Mike Horn : « L’aventure est la richesse des pauvres »

Toute sa vie, il a voulu aller vers l’inconnu. Il a descendu l’Amazone, suivi la ligne de l’équateur sur 40 000 kilomètres, bouclé le tour du pôle Nord, durant la longue nuit polaire. Ses connaissances sur la nature, sa splendeur et ses dangers, ses combines de terrain représentent son plus précieux trésor. Il aurait dû mourir dix fois, mais il est toujours là. De passage à Paris, pour la sortie de son livre Vouloir toucher les étoiles (XO), Mike Horn, ce conquérant de l’impossible, âgé de 49 ans, nous parle de ses dernières aventures en Himalaya, de son épouse récemment emportée par la maladie et de son appétit de vivre tous les jours au maximum.

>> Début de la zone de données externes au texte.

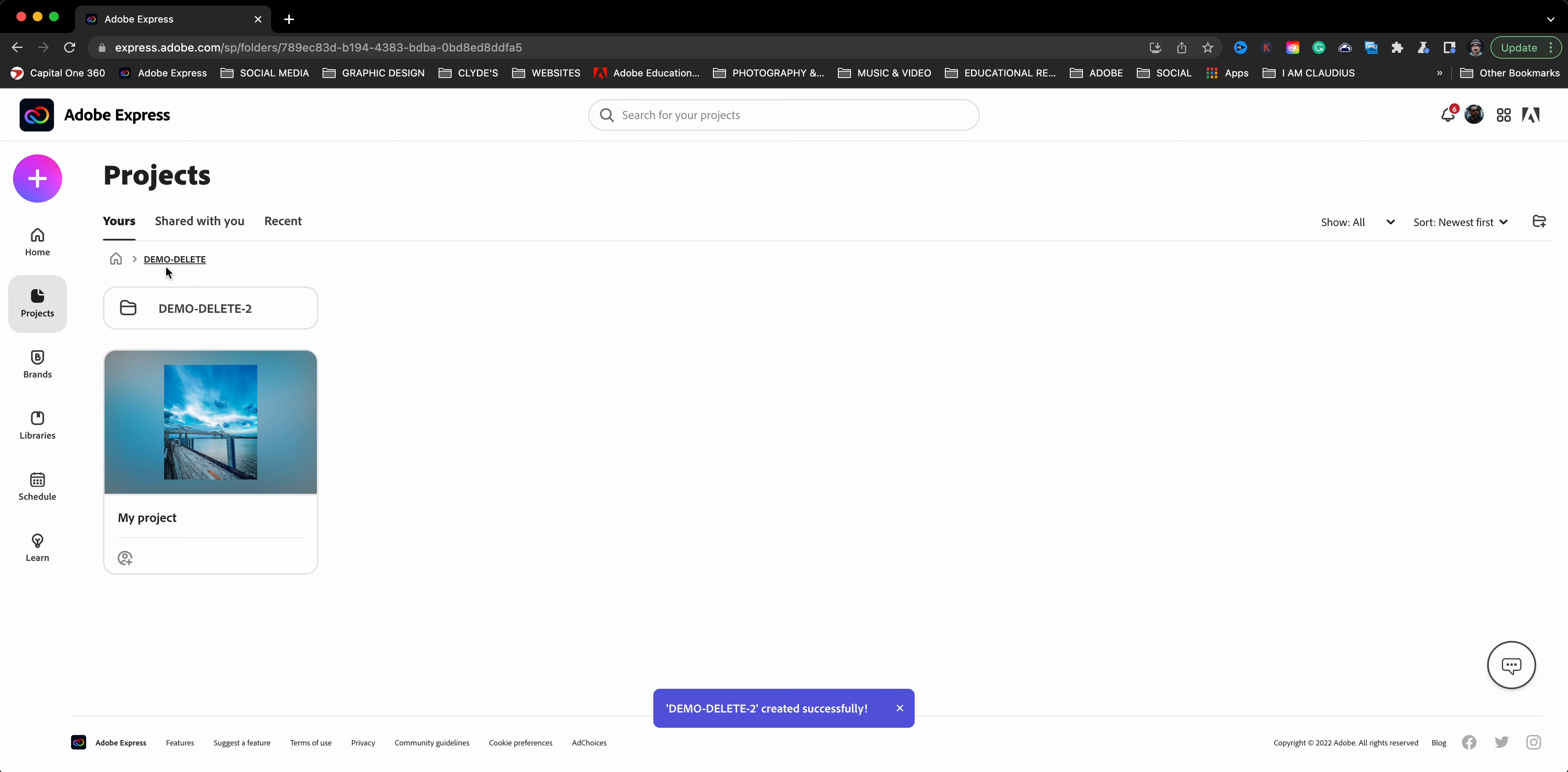The nice thing about this too is that you can actually create subfolders. So I'll click here, this folder, I'll just call this demo delete two. And this one is actually going to live within this demo delete folder. So you can organize your projects.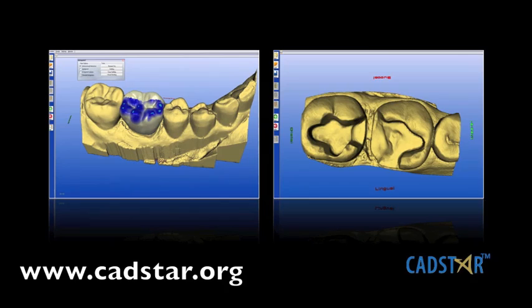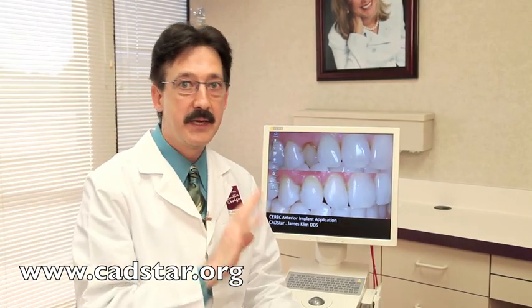We're going to talk about the fundamentals of prep design and tissue management, because all of this impacts on how well our restorations mill once they come out of the milling unit. So that's really important to us.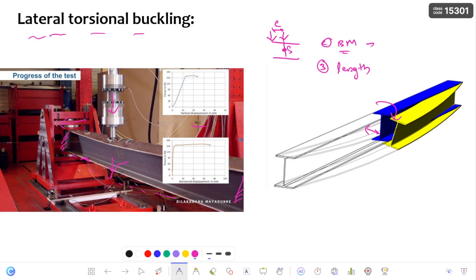If you decrease the unrestrained length, the effect of lateral torsional buckling is reduced. Regarding the lateral torsional buckling, a real-life laboratory experiment video is available — I am keeping the link in the description. If you watch that video, you can get a practical feel of lateral torsional buckling.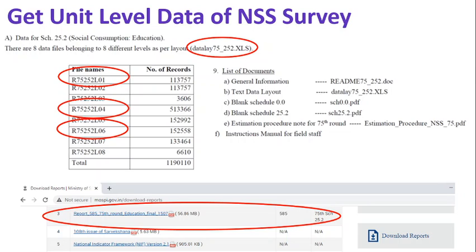Remember to keep — here I have given a small screenshot of the readme file where we should place the cursor and then click to get the relevant files. The file 'datalayout_75_252.xls' will give the layout of the data file. We put the cursor there and click it. When we find the hand sign, it will get downloaded.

Quelle forme d’aventure êtes-vous allé chercher en Himalaya ?

Mike Horn : Le défi consistait à gravir quatre sommets de 8 000 mètres à la suite, sans oxygène, sans porteurs, sans cordes fixes. Dans le groupe, j’étais le novice. Autrefois, j’avais bien escaladé la cordillère des Andes culminant à 6 000 mètres, mais je ne savais pas si j’allais tenir le coup plus haut. Je pensais compter sur les autres, mais le guide suisse Jean Troillet m’a laissé me débrouiller tout seul. Je ne vous dis pas combien j’ai galéré dans le couloir des Japonais. Traditionnellement, je suis un voyageur au long cours. J’accomplis des traversées en bateau, à ski ou en kayak. Mais à aucun moment, je n’ai eu à affronter la raréfaction de l’oxygène. C’est très déstabilisant. La pente est de plus en plus raide, plus technique, puis tout se ralentit, et cela devient presque plus intéressant que d’avancer vite. C’est une bataille sans fin contre l’épuisement. Il faut tout donner dans un temps bref, mais l’émerveillement est puissant, l’état de grâce incroyable. On m’a dit de ne pas m’éterniser au sommet. Mais une fois là-haut, je n’arrivais pas à bouger, malgré toute la volonté du monde. Tu vois ta vie passer seconde après seconde. Ton esprit se balade au-dessus des nuages, et tu te dis : je peux mourir, ce n’est pas grave. Mais, heureusement, l’esprit de survie est tapi quelque part en moi. Une petite voix très lointaine m’a dit : Fous le camp ! »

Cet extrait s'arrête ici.